Note: this course is jointly listed under SISRE 490A/Euro 490B/SISRE 590A for Winter Quarter 2002. This description applies for all three listings. Topics include: Russian and Soviet conquest and colonial rule in Central Asia, the experience of Central Asians under those colonial regimes, the emergence of national identities both before and in the first years of independence. Some attention will be devoted to the theoretical literature about colonialism and nationalism. The chronological scope of the course is from the nineteenth century to the present.

Student learning goals

General method of instruction

Discussion (based on assigned readings and analytical essays students will write on those readings).

Recommended preparation

Upper division reading and writing skills; willingness to work hard.
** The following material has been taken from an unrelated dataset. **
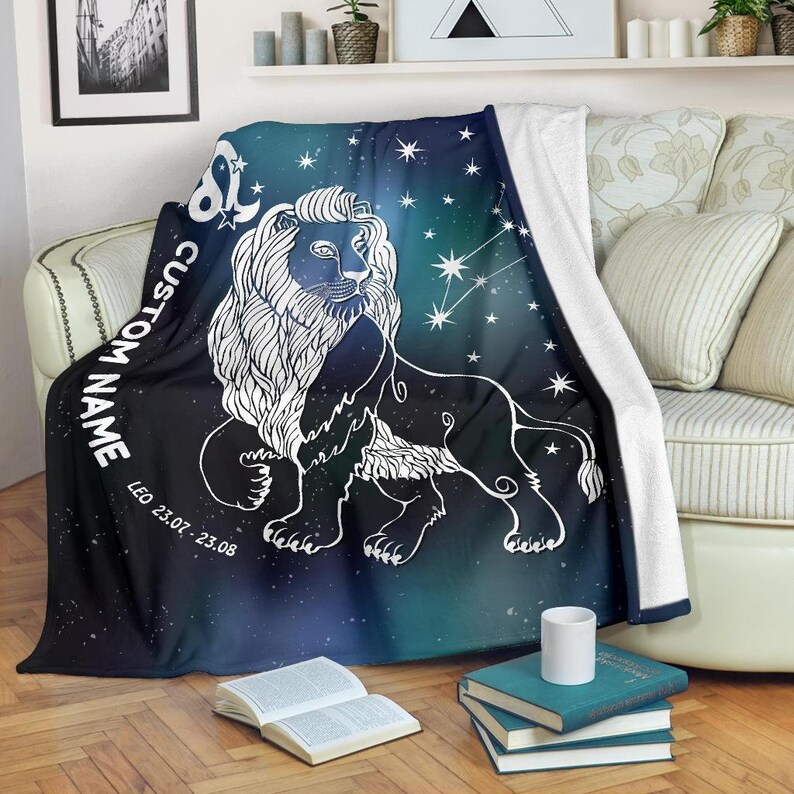 May include: A black and blue fleece throw blanket with a white outline of a lion and the constellation Leo. The blanket has the text "CUSTOM NAME" and "LEO 23.07. - 23.08."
It would help prior to the beginning of the quarter to read Suny and Naimark,The Revenge of the Past, and begin Allworth, ed., Central Asia: 130 Years of Russian Dominance.

Class assignments and grading

Several analytical essays based on assigned readings. Possibly a book review. (Graduate students registered under SISRE 590 will also be expected to do a research paper.) Required books (not all of each one will necessarily be assigned): Allworth, ed., Central Asia: 130 Years of Russian Dominance; Brower and Lazzerini, eds., Russia's Orient; Smith, Nationalism and Modernism; Roy, The New Central Asia; Smith et al., Nation-building in the Post-Soviet Borderlands; Levin, The Hundred Thousand Fools of God. Recommended books: Martin, Affirmative Action Empire; Suny and Naimark, The Revenge of the Past. There probably will be a few articles required in addition to the material in these books.

Principally the written work, but part of grade also based on class participation.

The information above is intended to be helpful in choosing courses. Because the instructor may further develop his/her plans for this course, its characteristics are subject to change without notice. In most cases, the official course syllabus will be distributed on the first day of class.